Concluding rrmarkers

Nigella sativa (N.sativa), commonly known as dim seeds, have been broadly inspected for their promising anti-cancer properties. Many in vitro and in vivo tests have outlined the practicality of N.sativa in preventing the improvement and development of diverse sorts of cancer cells. In extension to its facilitate cytotoxic impacts, N.sativa has been found to have solid antioxidant, anti-inflammatory, and immunomodulatory properties, all of which contribute to its anti-cancer development. Besides, N.sativa has appeared potential in sensitizing cancer cells to customary chemotherapy and diminishing chemotherapy-induced side impacts [16].

Nigella Sativa Good for Cancer

Nigella sativa has attracted a lot of interest from researchers and scientists. Extracts and seeds of the N. sativa plant and its active ingredient thymoquinone have been thoroughly studied, with excellent results showing that N. sativa has medicinal potential. The sativa strain tends to have medicinal properties that can be effective in treating a variety of ailments, including cancer [7].

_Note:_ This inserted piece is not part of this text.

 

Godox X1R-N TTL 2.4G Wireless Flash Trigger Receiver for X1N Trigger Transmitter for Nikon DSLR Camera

Sativa Extracts be used to Treat Cancer

N.sativa extracts have the prospective application in the advancement of efficacious therapeutic agents for combating cancer. These fractions can act alone or in combination with chemotherapeutic drugs that have proven to be effective agents for modulating tumor initiation, proliferation and metastasis, making them possible treatments for many types of cancer [17].

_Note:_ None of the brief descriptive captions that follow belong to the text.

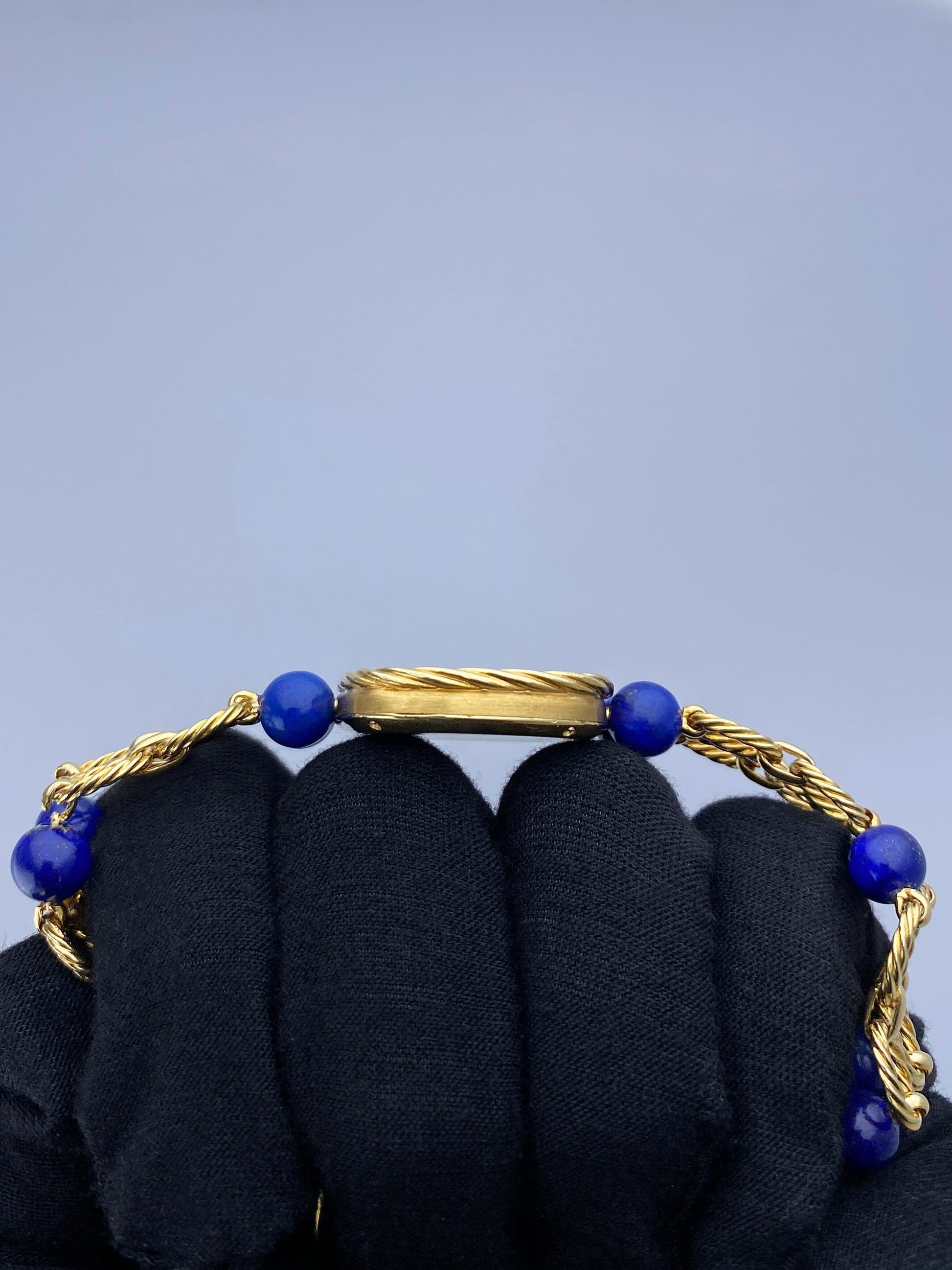 Piaget 9465 P 60 Blue Lapis 18K Yellow Gold Ladies Watch - Watches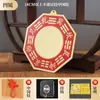 Fabricante Personalizado Atacado Espelho Bagua Pintado de Vermelho de Latão Pingente de Cobre Espelho Convexo Espelho Côncavo Espelho Bagua Tai Chi Espelho de Cobre Pintado de Vermelho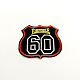 Accessoires de costumes badge mixte informatisés broderie fer de tissu sur les correctifs AJEW-S057-M08-2
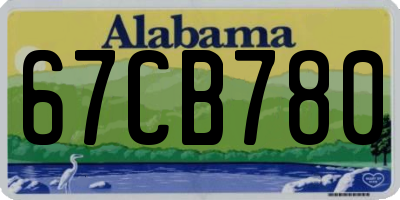 AL license plate 67CB780
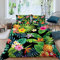 VULORA Bettwäsche 135x200 Dschungel Bettbezug mit Reißverschluss 100% Mikrofaser Bettwäsche-Sets für Junge Mädchen 3D Druck Ananas Palmblätter Kinderbettwäsche mit 2 Kissenbezüge 80x80cm Winter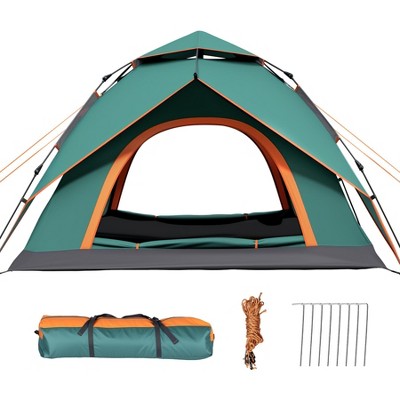 SUGIFT 4-Person 2-in-1 Instant Pop-Up Camping Tent with Detachable Rainfly, Waterproof & Dual Mesh Doors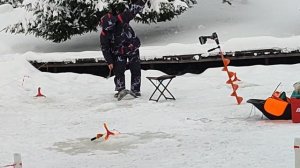 Основной водоём. Форель на блесну.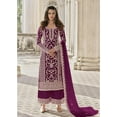 thumbnail image 2 of Sangeet Function Wear Indian Pakistani Plazzo Dress Designer Salwar Kameez Suits ( Purple, 3XL - 48 ), 2 of 6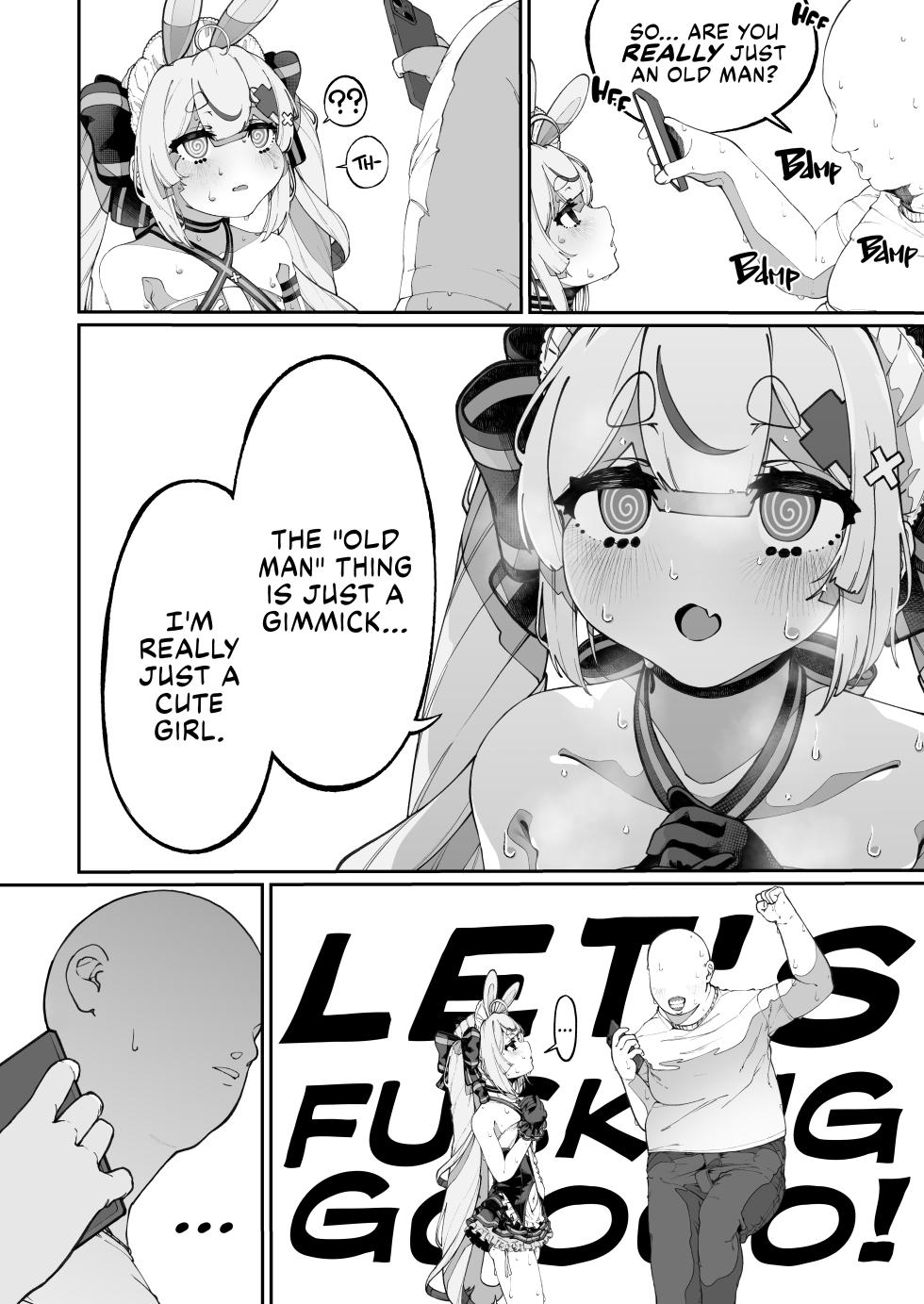 [DisCommunication] Mannen Hatsujou Usagi Oji-san, Saimin ni Kakatte Shimau. | Insatiably Horny Bunny Oji-san Falls Victim To Hypnosis (Tomari Mari) [English] [Fap It Scans, Suizokukan] [Decensored] - Page 6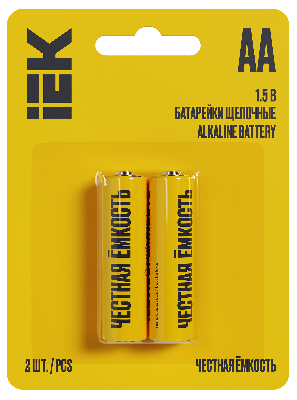 Батарейка щелочная Alkaline LR06/AA (2шт/бли стер)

Pro-Apoptotic and Anti-Proliferative Effects of Sativa

N.sativa has the ability to fight against cancer. Researchers have gathered a lot of evidence about sativa by studying it outside of living organisms and inside them. They have used different types of cells and animals to do this. The scientists in the study said that they didn’t look at the extracts from each individual plant in the mixture could fight cancer because only the mixture is used in cancer treatment. Sativa extracts are extracts from the sativa plant. In an initial test on living organisms, we applied N.sativa using a cream or ointment on the surface. The N.sativa extract slowed down the development of skin cancer and reduced the appearance in mice when they were exposed to certain chemicals [18].

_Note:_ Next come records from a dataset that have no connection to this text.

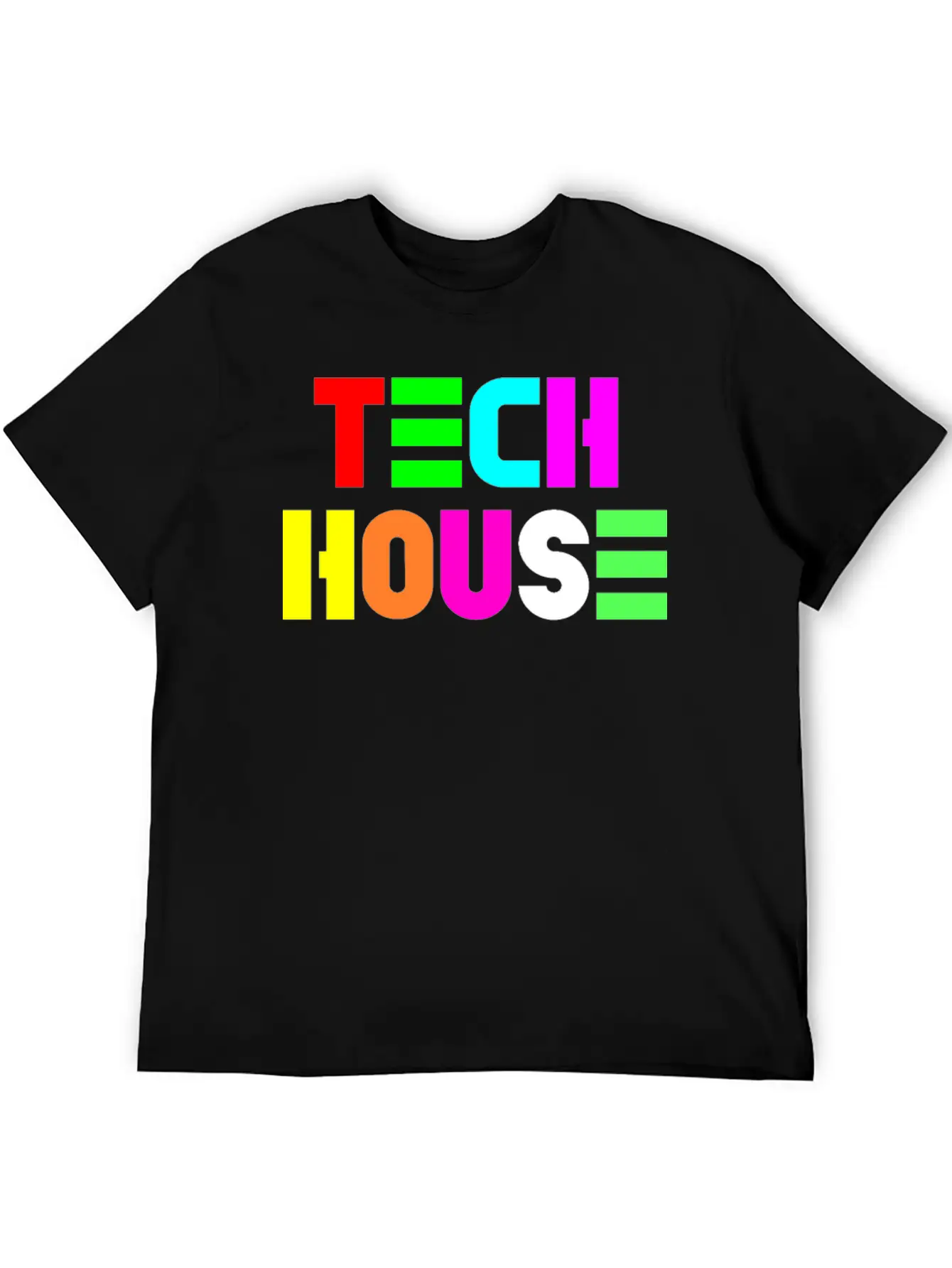 Tech House Modern Fit Casual T-Shirt – Clean And Versatile Design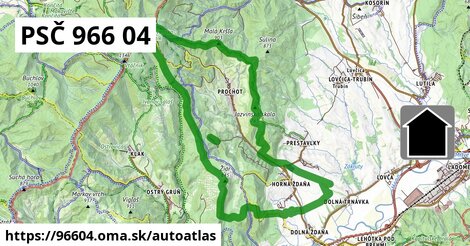 ikona Mapa autoatlas v 96604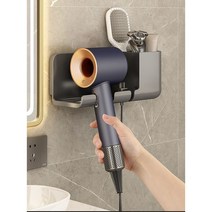 후니베어 벽걸이형 심플 드라이기 거치대, 화이트, 수납형, 1개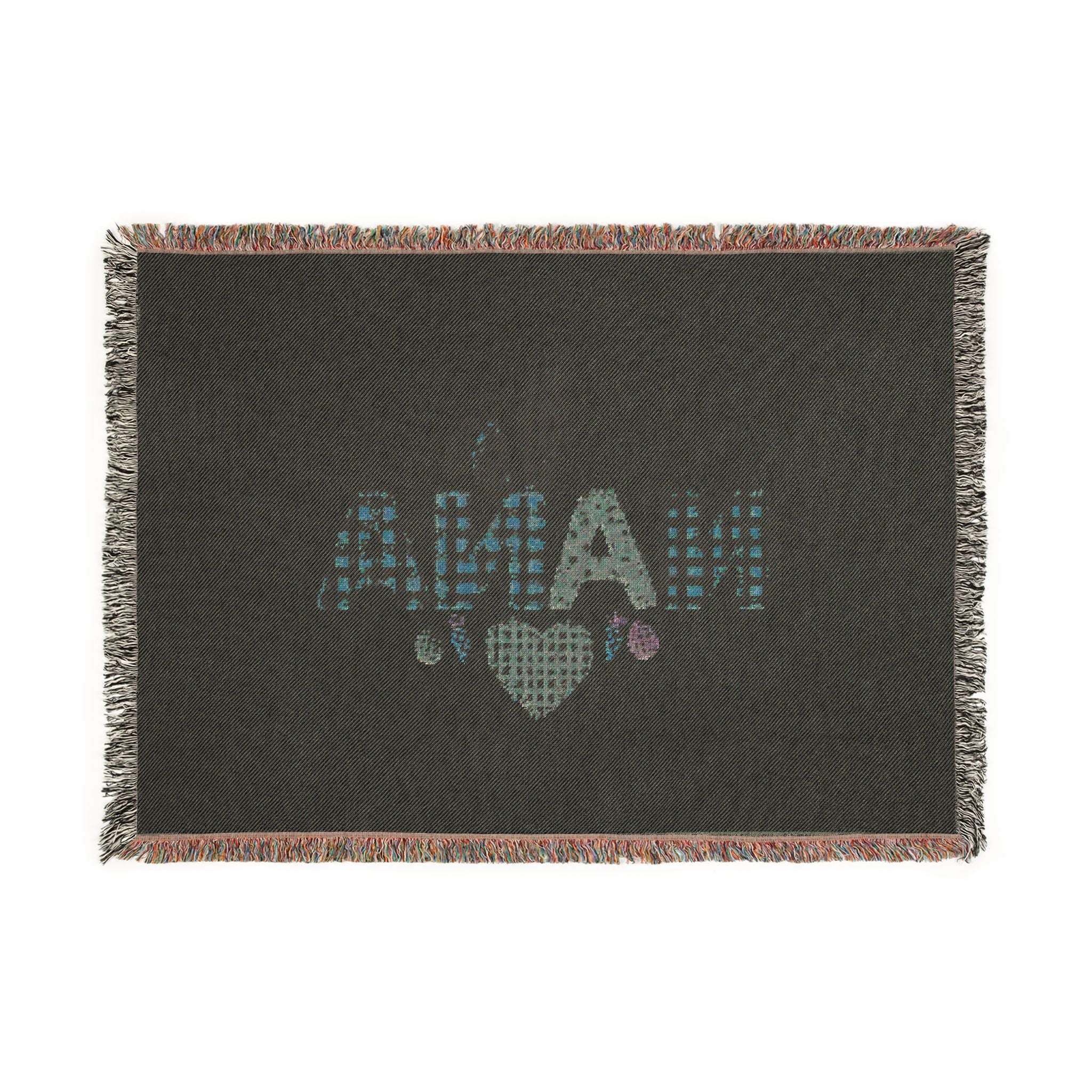 Nana Heart Woven Blanket — Cozy Plaid Patchwork Throw for Grandmothers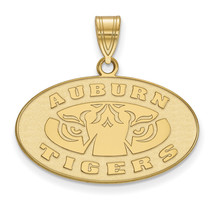 SS w/GP Auburn University Medium Pendant - £53.49 GBP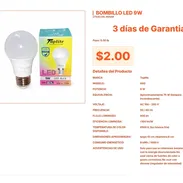 Bombillo LED 9W de fácil instalación con la energía desconectada VPT#-0052 - Img 55559295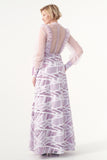 Ruffled Jacquard Dress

Signaling Pathways Fundamental the Anti-Cancer Effects of Sativa

Many tests were done in the lab and on living organisms to understand N.sativa fights against cancer at a molecular and cellular level. Sativa is a type of plant. The main ways that N.sativa (a specific substance) helps fight against cancer are not yet fully understood, but they have been well-documented. The effects of sativa are mostly due to their capability to control the action of important enzymes. Reduce swelling and encourage the natural death of cancer cells [15].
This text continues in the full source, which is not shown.